On Monday Revd Libby Lane was ordained and consecrated as Bishop of Stockport following the passing of legislation allowing women bishops by the Church of England’s General Synod in July last year.
But Archbishop Bernard Longley, who is co-chairman of the Anglican-Roman Catholic International Commission (Arcic) and leads the Bishops’ Conference of England and Wales dialogue and unity department, said: “Sadly ... Bishop Lane’s consecration at York Minster serves to highlight one of the major challenges that Anglicans and Catholics in England face on the path towards full visible unity.” He added: “The ordination of women to the episcopate presents a further obstacle to achieving that unity among us for which Our Lord prayed.”
Bishop Lane’s consecration was attended by representatives of the Methodists, the United Reformed Church, the Moravian Church and other denominations, but no one from the Catholic Church was present in an official capacity at Monday’s service in York Minster.
The Bishop of Shrewsbury, Mark Davies, was invited to attend but a spokesman said he had another engagement. The Provincial of the Carmelites, Fr Tony Lester, had planned to be present but was thwarted by a bout of toothache. No one else was able to go in his place.
Canon John O’Toole, ecumenical officer at the Bishops’ Conference, said he could see that there might be concerns among some Catholic prelates that their attendance at the ordination of a female bishop might be construed as support for the process – but, he stressed, this would absolutely not be the case. “People might have thought, by being present what message would it give out?” he said.

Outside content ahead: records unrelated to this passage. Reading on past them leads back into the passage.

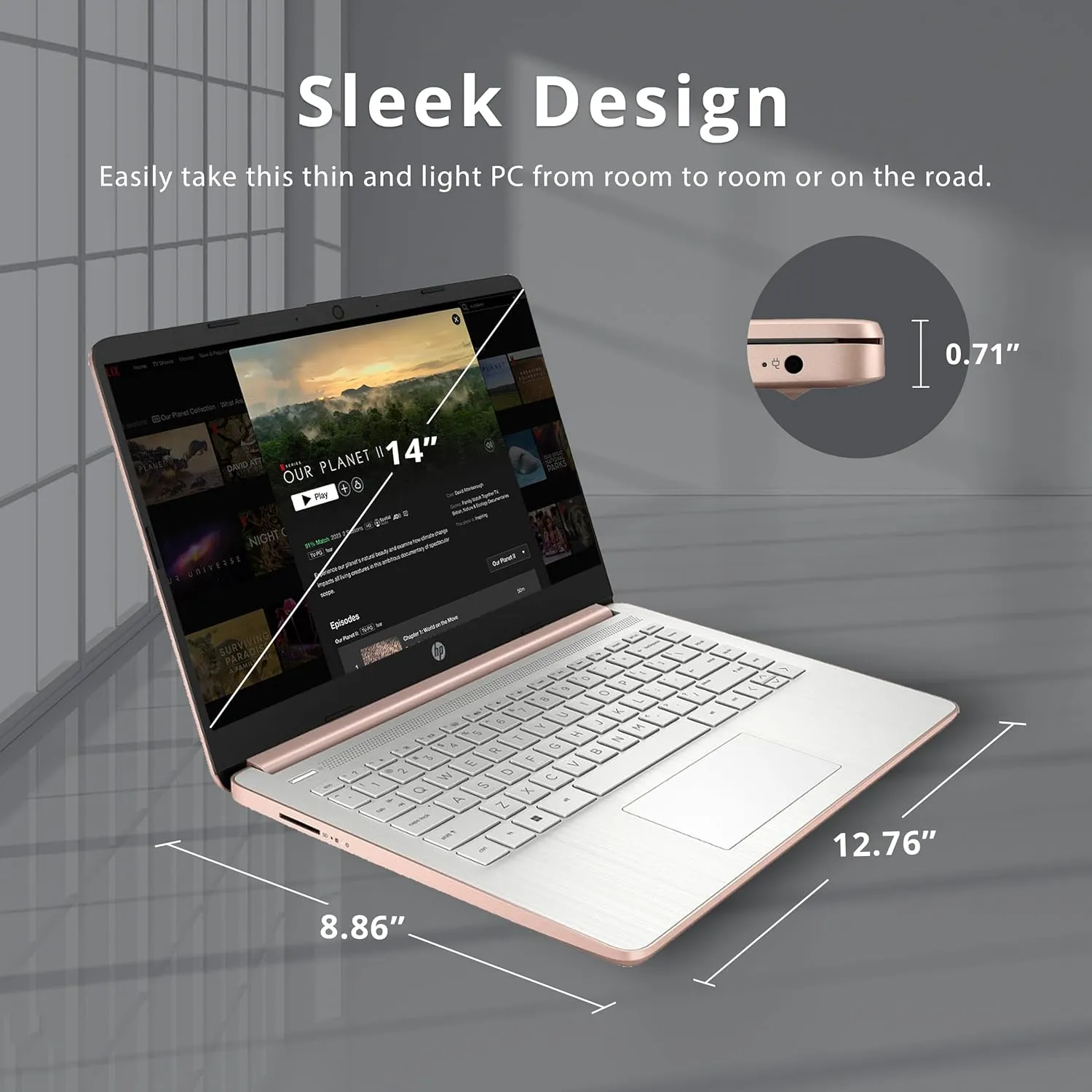 HP Stream 14" HD Lightweight Laptop, Intel Celeron N4120, 8GB RAM, 224GB Storage(64GB eMMC   160GB Docking Station), Intel UHD Graphics, HD Webcam, 1 Year Office 365, WiFi, Bluetooth, Win 11s, Gold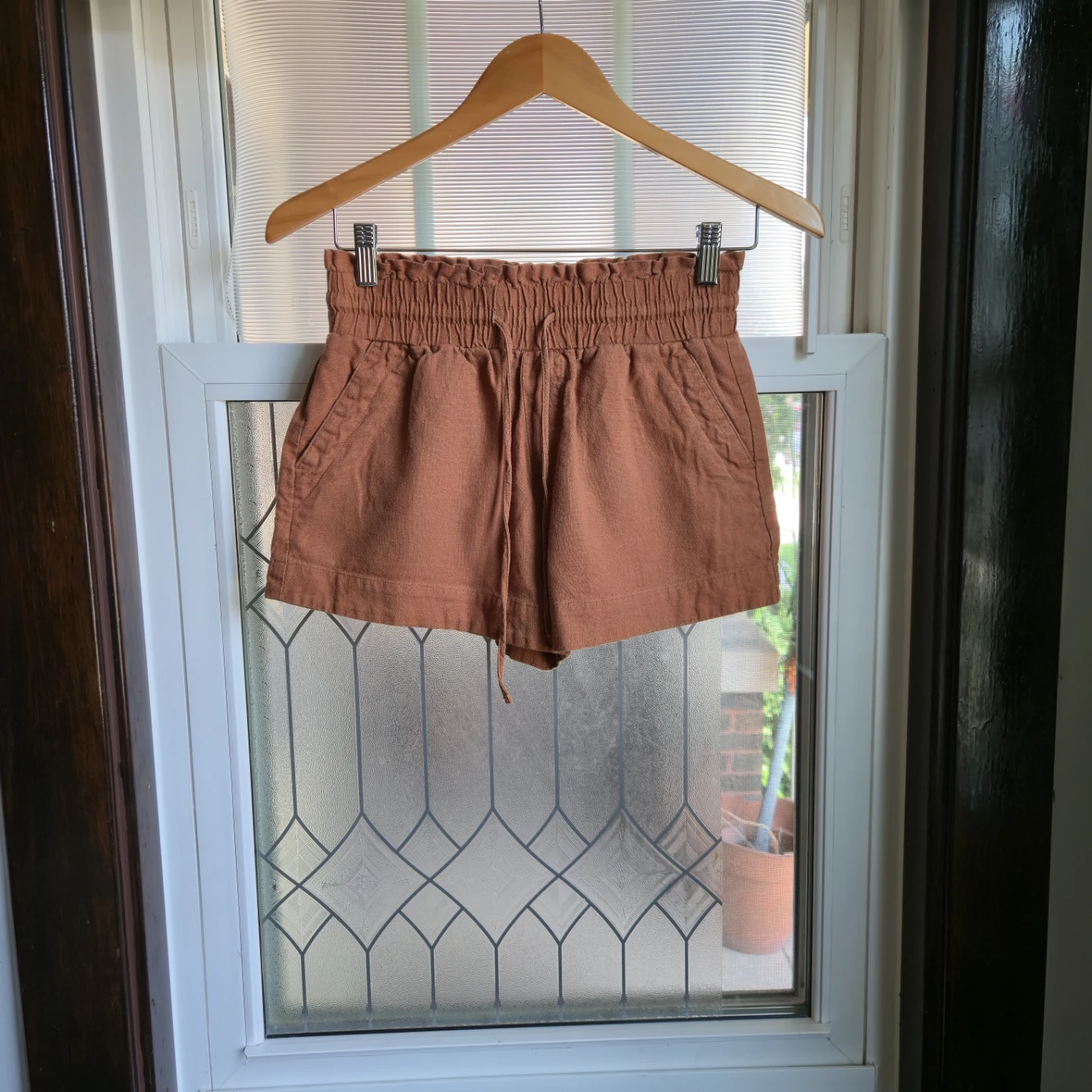 A New Day Paperbag Waist Shorts - XS - Rust Orange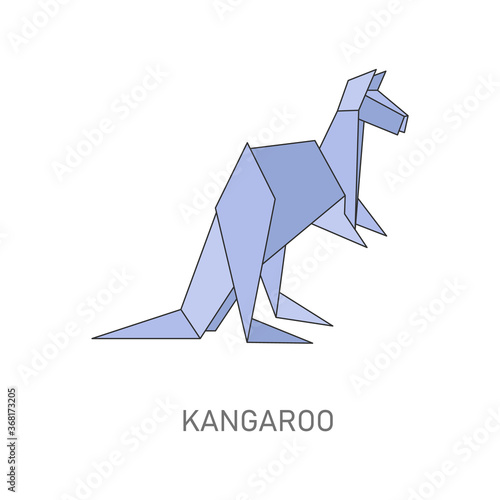 Wild animal the kangaroo origami or folded paper vector illustration isolated.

But Catholic bishops and priests have attended Anglican and other Christian denomination services without it meaning an endorsement, he said.
He said the bishops worked closely with their Anglican counterparts in most areas of the country, and said he hoped this would continue in dioceses where a Catholic bishop found himself with a female opposite number in the future.
“There may be a bit of initial hesitation, because many people don’t like change, but I think it will very quickly be seen as normal. Bishops are pragmatic and if there’s been a woman Methodist Superintendent in an area, for example, they’ve been able to work with them.”
He pointed out, however, that there was already both Catholic and Anglican female representation on Arcic. “It does change the culture and it might be that the culture will be different because it’s not all men,” he said.
Catholic and Church of England bishops also gather collectively for bi-lateral meetings.
It is normal for local Christian leaders to be invited to the ordinations of both Catholic and Anglican bishops. Catholic representation is expected at the ordination of diocesan bishops in the Church of England but not necessarily at the consecration of suffragan bishops.
In September 2013, however, Archbishops Bernard Longley and George Stack and the Nuncio to Great Britain, Antonio Mennini – were present at the ordination in Westminster Abbey as suffragan Bishop of Tewkesbury of Martyn Snow, and of Jonathan Goodall to be “flying bishop” of Ebbsfleet, ministering to those in the diocese of Canterbury who cannot accept women’s ordination. Bishop Goodall is a former ecumenical secretary to two Archbishops of Canterbury.
Bishop Lane’s installation as bishop of Stockport will be at Chester Cathedral on 8 March. Bishop Davies is likely to again receive an invitation to attend this ceremony.